→ **Exercise requirements**
Repeat the lines from the one containing "campbell's chunky soup, spicy" through the end of the listing exactly, both ends included. Do not carry over any pictures.

START Information

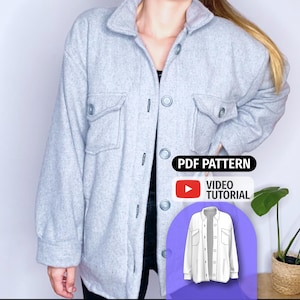 Jacket Sewing Pattern - Oversized Button Coat Pattern for Women - Easy PDF Digital Download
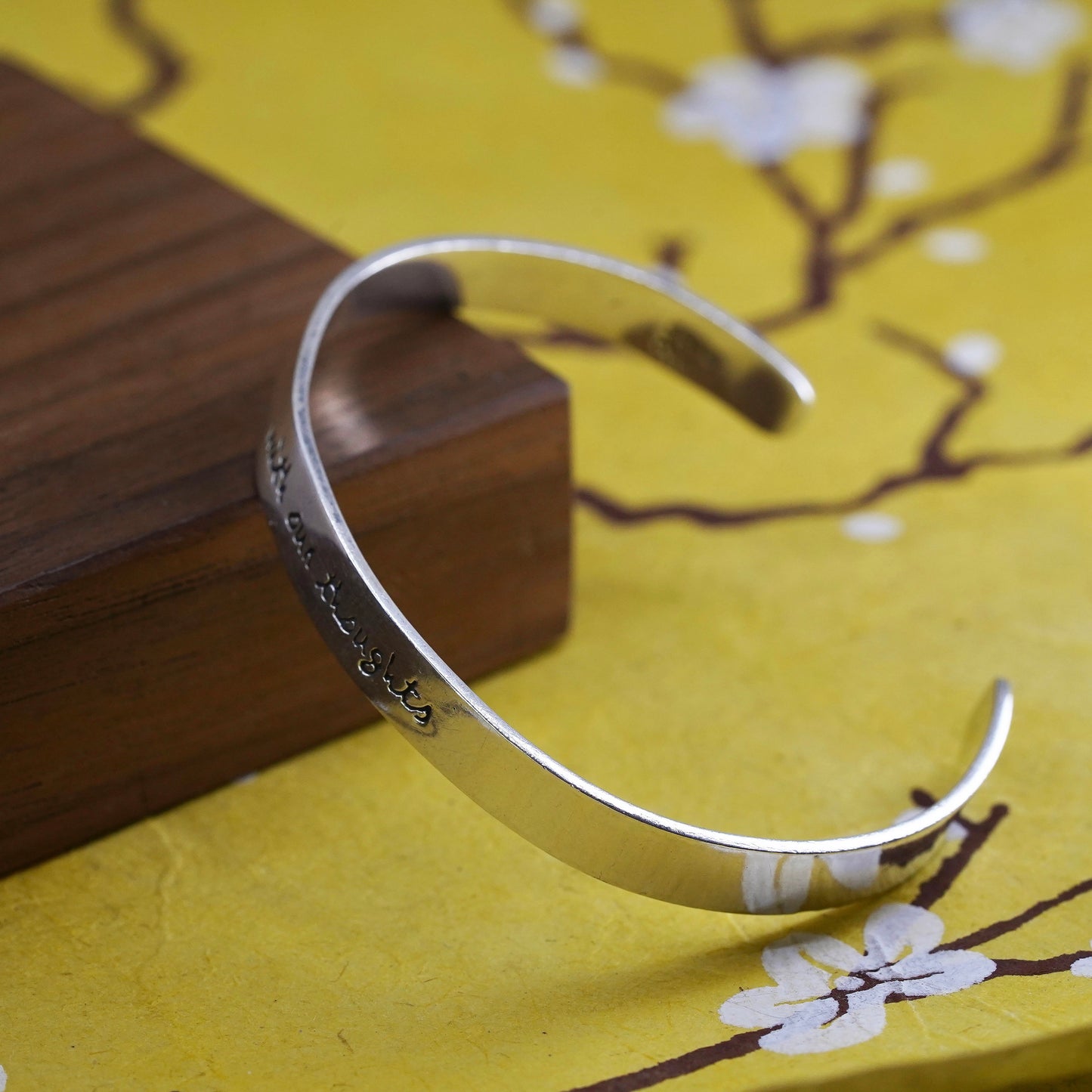 6.5", Far fetched Sterling silver bracelet, 925 cuff “with our thoughts we make
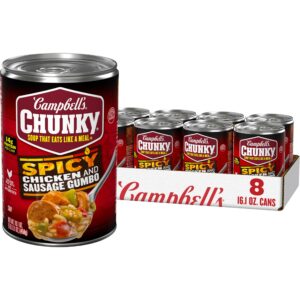 campbell's chunky soup, spicy chicken and sausage gumbo, 16.1 oz can (case of 8)
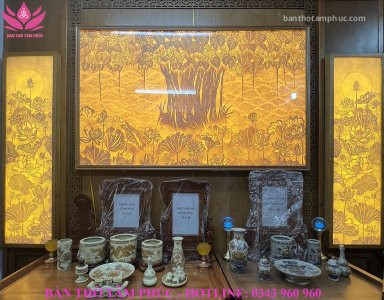 Tranh Trúc Chỉ Mẫu Hoa Sen & Bồ Đề TTC22.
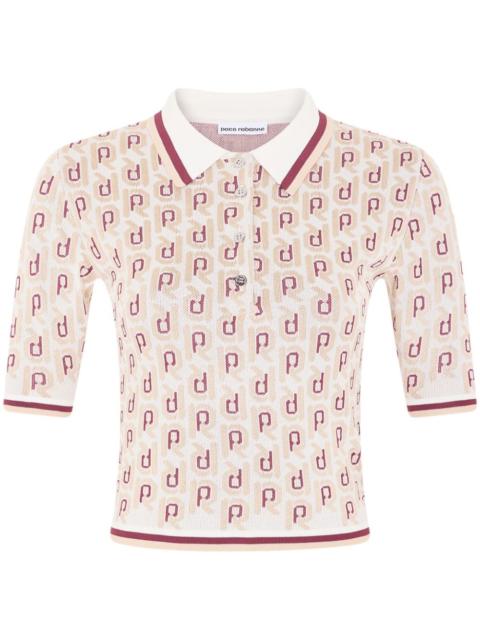 rabanne monogram-jacquard short-sleeve top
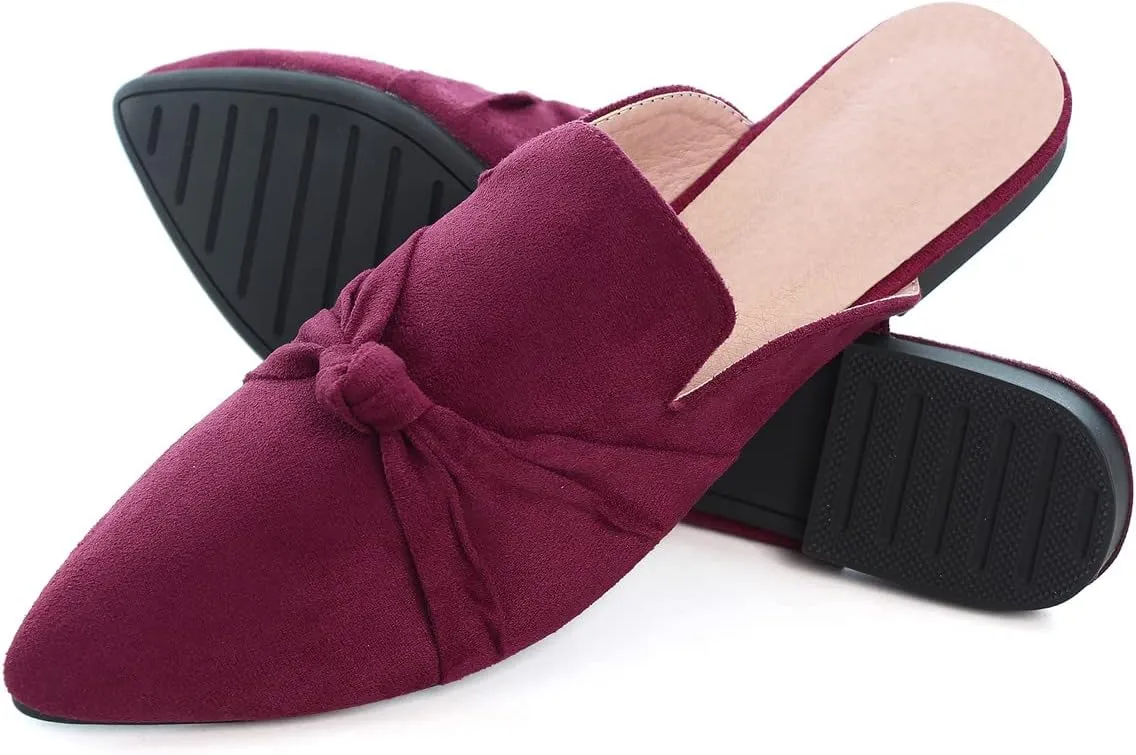 Hee grand Women's Mules Bowknot Suede Comfortable Slip On Flats Closed Pointed Toe Backless Loafers Mules for Women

END Information

→ **Response to this exercise**
 campbell's chunky soup, spicy chicken and sausage gumbo, 16.1 oz can (case of 8)
 Tranh Trúc Chỉ Mẫu Hoa Sen & Bồ Đề TTC22.
 rabanne monogram-jacquard short-sleeve top
 Hee grand Women's Mules Bowknot Suede Comfortable Slip On Flats Closed Pointed Toe Backless Loafers Mules for Women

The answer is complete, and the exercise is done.